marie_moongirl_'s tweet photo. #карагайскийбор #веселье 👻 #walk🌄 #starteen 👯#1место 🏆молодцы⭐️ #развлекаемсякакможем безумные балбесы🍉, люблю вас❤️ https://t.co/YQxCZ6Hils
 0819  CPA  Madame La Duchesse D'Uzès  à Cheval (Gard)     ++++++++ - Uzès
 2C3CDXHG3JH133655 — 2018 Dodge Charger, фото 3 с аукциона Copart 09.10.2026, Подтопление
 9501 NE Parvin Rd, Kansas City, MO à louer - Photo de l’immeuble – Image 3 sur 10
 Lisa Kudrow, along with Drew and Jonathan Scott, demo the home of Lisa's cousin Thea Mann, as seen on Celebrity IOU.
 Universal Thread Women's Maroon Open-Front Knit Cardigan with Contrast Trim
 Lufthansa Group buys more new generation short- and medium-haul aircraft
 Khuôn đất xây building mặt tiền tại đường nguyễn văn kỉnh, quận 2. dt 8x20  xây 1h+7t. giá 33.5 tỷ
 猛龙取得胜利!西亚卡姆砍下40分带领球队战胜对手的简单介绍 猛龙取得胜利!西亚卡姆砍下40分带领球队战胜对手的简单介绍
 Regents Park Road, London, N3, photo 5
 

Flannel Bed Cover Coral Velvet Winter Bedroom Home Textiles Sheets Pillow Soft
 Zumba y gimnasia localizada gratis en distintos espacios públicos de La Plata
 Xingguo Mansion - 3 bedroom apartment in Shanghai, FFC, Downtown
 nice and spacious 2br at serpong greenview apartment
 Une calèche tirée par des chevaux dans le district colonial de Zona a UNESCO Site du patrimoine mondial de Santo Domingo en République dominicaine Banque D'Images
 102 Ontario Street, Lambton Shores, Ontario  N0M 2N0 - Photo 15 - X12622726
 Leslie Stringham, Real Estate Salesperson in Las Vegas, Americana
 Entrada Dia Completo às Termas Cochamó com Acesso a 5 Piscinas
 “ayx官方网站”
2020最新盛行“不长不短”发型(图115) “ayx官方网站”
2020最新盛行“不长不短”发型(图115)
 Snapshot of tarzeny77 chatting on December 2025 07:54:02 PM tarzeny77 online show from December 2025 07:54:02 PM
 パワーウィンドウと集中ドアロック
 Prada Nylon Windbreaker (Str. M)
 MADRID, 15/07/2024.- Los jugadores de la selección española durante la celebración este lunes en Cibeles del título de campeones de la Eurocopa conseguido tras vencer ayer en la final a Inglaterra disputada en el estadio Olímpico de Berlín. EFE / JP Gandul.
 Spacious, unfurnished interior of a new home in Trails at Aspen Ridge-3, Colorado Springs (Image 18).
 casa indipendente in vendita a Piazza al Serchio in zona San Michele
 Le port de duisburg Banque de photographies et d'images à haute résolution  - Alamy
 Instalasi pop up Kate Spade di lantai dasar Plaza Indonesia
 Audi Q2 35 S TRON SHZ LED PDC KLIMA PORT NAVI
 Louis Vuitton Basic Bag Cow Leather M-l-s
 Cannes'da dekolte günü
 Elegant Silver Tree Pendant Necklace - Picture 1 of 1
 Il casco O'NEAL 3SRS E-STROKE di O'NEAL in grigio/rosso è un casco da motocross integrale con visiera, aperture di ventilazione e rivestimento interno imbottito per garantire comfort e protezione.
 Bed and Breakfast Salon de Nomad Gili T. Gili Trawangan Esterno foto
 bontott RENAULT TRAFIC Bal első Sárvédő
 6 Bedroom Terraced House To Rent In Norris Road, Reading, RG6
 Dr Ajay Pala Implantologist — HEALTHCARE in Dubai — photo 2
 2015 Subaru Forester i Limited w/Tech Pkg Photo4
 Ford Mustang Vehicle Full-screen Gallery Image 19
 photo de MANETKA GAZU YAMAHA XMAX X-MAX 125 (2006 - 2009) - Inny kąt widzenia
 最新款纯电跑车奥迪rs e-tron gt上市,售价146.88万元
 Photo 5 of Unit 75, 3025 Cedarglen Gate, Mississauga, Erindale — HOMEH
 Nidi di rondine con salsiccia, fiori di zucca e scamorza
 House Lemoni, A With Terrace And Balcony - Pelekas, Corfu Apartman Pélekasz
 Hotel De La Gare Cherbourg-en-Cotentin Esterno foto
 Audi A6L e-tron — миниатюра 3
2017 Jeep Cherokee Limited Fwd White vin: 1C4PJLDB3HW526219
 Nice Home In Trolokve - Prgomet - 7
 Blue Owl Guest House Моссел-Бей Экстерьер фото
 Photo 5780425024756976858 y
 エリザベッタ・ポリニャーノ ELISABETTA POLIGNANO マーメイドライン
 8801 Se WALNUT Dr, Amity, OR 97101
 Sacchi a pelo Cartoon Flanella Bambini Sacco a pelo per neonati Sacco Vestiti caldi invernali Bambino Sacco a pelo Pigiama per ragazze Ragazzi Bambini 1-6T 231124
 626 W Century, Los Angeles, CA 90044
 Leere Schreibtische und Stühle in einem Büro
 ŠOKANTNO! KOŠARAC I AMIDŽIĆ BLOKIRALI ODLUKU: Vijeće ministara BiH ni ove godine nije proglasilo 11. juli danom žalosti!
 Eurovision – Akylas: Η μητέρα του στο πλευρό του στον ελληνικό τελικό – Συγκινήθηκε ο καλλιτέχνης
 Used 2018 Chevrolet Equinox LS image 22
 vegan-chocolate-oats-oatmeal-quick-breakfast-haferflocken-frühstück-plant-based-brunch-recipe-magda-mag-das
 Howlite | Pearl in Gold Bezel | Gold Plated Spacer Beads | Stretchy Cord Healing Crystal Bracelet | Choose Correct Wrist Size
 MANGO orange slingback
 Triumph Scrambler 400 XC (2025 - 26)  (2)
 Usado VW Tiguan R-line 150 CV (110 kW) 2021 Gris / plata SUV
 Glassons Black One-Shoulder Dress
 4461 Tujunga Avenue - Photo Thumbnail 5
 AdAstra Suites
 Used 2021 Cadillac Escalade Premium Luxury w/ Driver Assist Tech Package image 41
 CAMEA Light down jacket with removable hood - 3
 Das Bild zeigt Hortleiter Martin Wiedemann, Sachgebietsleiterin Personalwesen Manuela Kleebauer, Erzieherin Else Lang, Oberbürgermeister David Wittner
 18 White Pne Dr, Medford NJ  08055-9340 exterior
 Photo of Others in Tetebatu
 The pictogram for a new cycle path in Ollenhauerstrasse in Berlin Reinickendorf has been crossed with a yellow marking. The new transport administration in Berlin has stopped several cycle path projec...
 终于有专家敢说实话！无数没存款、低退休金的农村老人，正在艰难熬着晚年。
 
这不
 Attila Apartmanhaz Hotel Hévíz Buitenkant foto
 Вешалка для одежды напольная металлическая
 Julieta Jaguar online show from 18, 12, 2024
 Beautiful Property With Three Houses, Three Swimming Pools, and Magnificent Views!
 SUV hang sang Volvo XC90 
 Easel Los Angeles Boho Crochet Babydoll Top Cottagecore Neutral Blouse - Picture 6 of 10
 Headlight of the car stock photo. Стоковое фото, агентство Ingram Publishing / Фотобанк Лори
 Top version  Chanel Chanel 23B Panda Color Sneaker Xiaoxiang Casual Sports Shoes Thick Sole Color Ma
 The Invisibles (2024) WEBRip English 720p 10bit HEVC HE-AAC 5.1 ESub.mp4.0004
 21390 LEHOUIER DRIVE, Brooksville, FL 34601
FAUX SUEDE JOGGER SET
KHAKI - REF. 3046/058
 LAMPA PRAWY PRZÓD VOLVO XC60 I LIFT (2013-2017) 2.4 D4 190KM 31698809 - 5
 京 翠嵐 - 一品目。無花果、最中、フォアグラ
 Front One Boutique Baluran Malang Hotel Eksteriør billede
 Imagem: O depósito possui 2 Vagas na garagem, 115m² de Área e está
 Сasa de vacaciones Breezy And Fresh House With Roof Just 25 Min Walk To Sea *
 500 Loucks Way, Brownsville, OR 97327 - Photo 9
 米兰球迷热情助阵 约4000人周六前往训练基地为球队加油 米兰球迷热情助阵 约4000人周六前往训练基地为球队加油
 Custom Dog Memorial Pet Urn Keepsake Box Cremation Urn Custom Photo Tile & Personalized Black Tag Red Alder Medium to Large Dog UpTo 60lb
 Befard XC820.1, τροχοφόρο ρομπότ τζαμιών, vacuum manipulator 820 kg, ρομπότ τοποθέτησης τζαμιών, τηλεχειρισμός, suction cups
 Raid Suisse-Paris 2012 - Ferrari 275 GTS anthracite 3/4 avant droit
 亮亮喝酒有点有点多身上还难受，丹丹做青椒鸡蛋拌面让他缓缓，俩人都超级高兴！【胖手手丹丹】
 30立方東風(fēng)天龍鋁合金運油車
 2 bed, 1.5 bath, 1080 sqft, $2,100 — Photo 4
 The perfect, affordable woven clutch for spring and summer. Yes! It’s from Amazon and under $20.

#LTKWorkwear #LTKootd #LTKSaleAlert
******
_Brief:_ Determine how many lines of the listing include the word "Front" and report nothing but the number.

_Your solution:_ 2